Table 2. PCB dataset loss function comparative test
Fig. 5.
figure 5

PCB Dataset Detection Results.

Table 3 shows the experiments of SC-AttentionIoU and other detection models on the PCB defect dataset in this paper. We compare the advanced models such as PPYOLOE, YOLOv6, PP-PicoDet, combined with SC-AttentionIoU proposed in this paper with the widely used CIoU to verify the robustness of SC-AttentionIoU in different detection models. * indicates the use of the proposed loss function in this paper. The experimental results show that after being combined with SC-AttentionIoU, the YOLOv6 model improves the mAP@.5-.95 score by 1.4%, the PPYOLOE-s model improves by 4.3%, and the PP-PicoDet model improves by 2.6%. Therefore, the proposed loss function has strong robustness on different detection models.

Table 3. Ablation experiments of SC-AttentionIoU on different detection models

Table 4 shows the experiments of AttentionIoU and other Loss Funcation on the SSDD ship dataset in this paper. We combine the widely used CIoU, EIoU, SIoU, and attentionIoU and replace the IoU in the loss function with attentionIoU to validate the effectiveness and robustness of the proposed attentionIoU idea. * denotes the use of attentionIoU proposed in this paper. Experimental results show that when combined with attentionIoU, CIoU* improves MAP@.5-.95 by 2% compared to CIoU, EIoU* improves MAP@.5-.95 by 2% compared to EIoU, and SIoU* improves MAP@.5-.95 by 2% compared to SIoU. Therefore, the proposed attentionIoU demonstrates strong robustness and effectiveness. The formula for CIoU*, EIoU*, and siou* is shown below.

$$\begin{aligned} \text {CIoU}^*=1-\textit{AttentionIo}U+\frac{\rho ^2(\textbf{b},\textbf{b}^{gt})}{c^2}+\alpha v \end{aligned}$$
(6)
$$\begin{aligned} \text {EIoU}^*=1-\textit{AttentionIo}U+{\frac{\rho ^{2}\left( \textbf{b},\textbf{b}^{\textrm{gt}}\right) }{\textrm{c}^{2}}}+{\frac{{\rho ^{2}}\left( \textbf{w},\textbf{w}^{\textrm{gt}}\right) }{\textrm{C}_{\textrm{w}}^{2}}}+{\frac{{{\rho }^{2}}\left( \textbf{h},\textbf{h}^{\textrm{gt}}\right) }{{\textrm{C}}_{\textrm{h}}^{2}}} \end{aligned}$$
(7)
$$\begin{aligned} \text {SIoU}^*=1-\textit{AttentionIo}U+\frac{\rho ^2(\textbf{b},\textbf{b}^{gt})}{c^2}+\frac{\varDelta +\varOmega }{2} \end{aligned}$$
(8)

\(\alpha \) is a trade-off parameter, and v is a parameter used to measure the consistency of the aspect ratio. \({\frac{{\rho ^{2}}\left( \textbf{w},\textbf{w}^{\mathrm {g\textrm{t}}}\right) }{\textrm{C}_{\textrm{w}}^{2}}}+{\frac{{{\rho }^{2}}\left( \textbf{h},\textbf{h}^{\textrm{gt}}\right) }{{\textrm{C}}_{\textrm{h}}^{2}}}\) represents the width and height losses of the prediction frame and the real frame. \(\varDelta \) represents distance loss. \(\varOmega \) represents shape loss. The above variables are not discussed due to the limited length of the article.

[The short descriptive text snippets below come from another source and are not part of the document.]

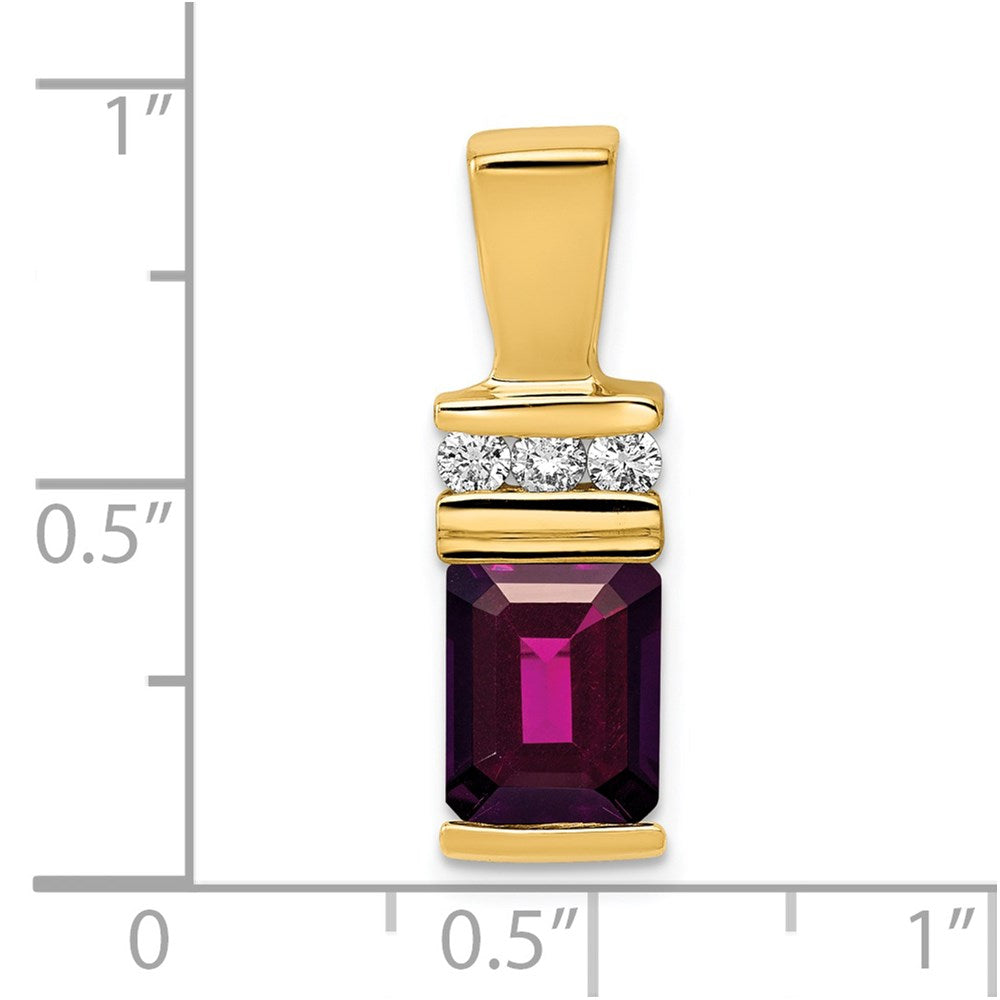 14k 8x Emerald Cut Rhodolite Garnet A Diamond Slide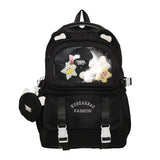 Qfdian High-capacity Casual Contrast Color Backpacks Y2k Aesthetic Transparent Schoolbags Streetwear Students Patchwork Backpack Women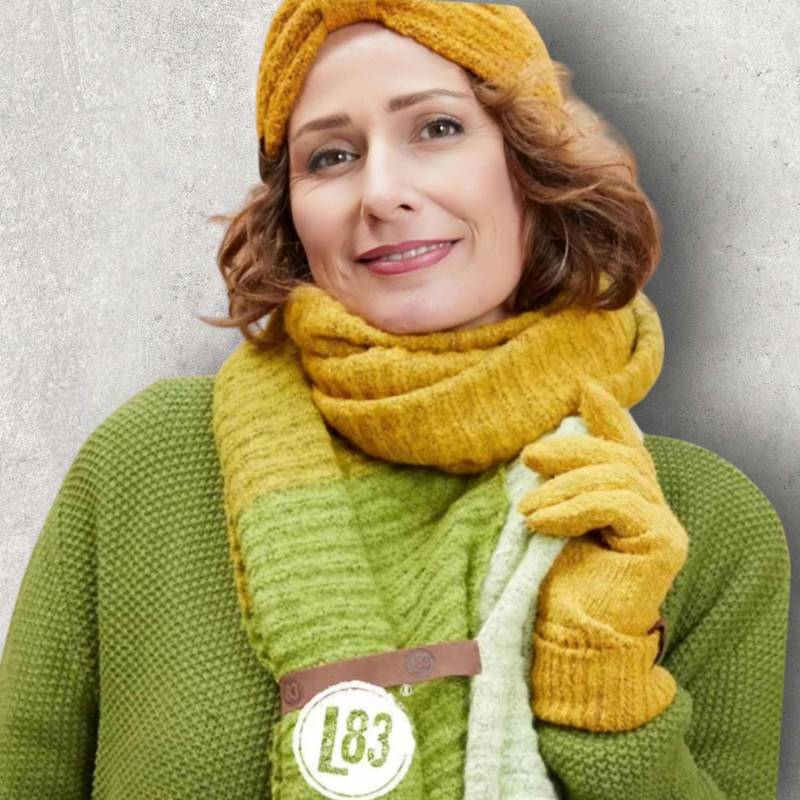 Winterschal Lot83 4-Farbig Quattro Grün Senf Schal Tuch Damen Lang Damenschal Stola von ZIPFELZAUBER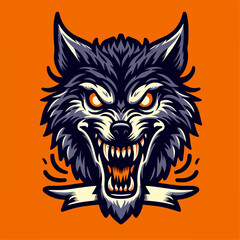 Illustration of a scary wolf head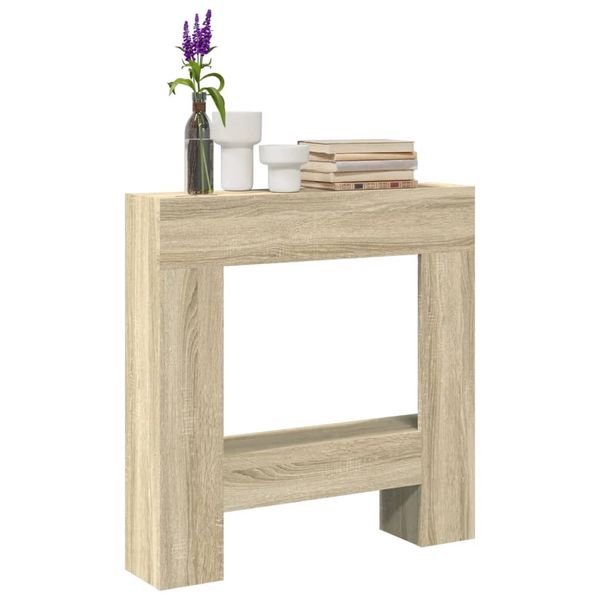 vidaXL Obloženie krbu dub sonoma 81x18x82 cm kompozitné drevo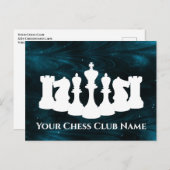 Personalisierter Blauer Nebel Schess Piece King Postkarte (Vorne/Hinten)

Table 4. Ablation Experiments of Attention IoU on Different Loss Functions

In summary, SC-AttentionIoU has shown a certain improvement in small object detection datasets. This paper also points out the potential problems caused by changing the weights of the internal regions of the ground truth boxes and proposes corresponding solutions. This proves that exploring the weights of the internal regions of ground truth boxes is beneficial. Our work provides a new direction for exploring loss functions in small object detection and is beneficial for the development of future object detection technologies.

5 Conclusion

This paper proposed the AttentionIoU loss which extends the IoU loss in the bounding box regression to stress small object detection accuracy. Moreover, to address the issue that changing the internal weights of the predicted boxes affects the aspect ratio loss in AttentionIoU, the SC-AttentionIoU loss function is presented. Finally, the proposed loss function is validated on two small object datasets and compared with other existing loss functions, demonstrating its effectiveness in small object detection.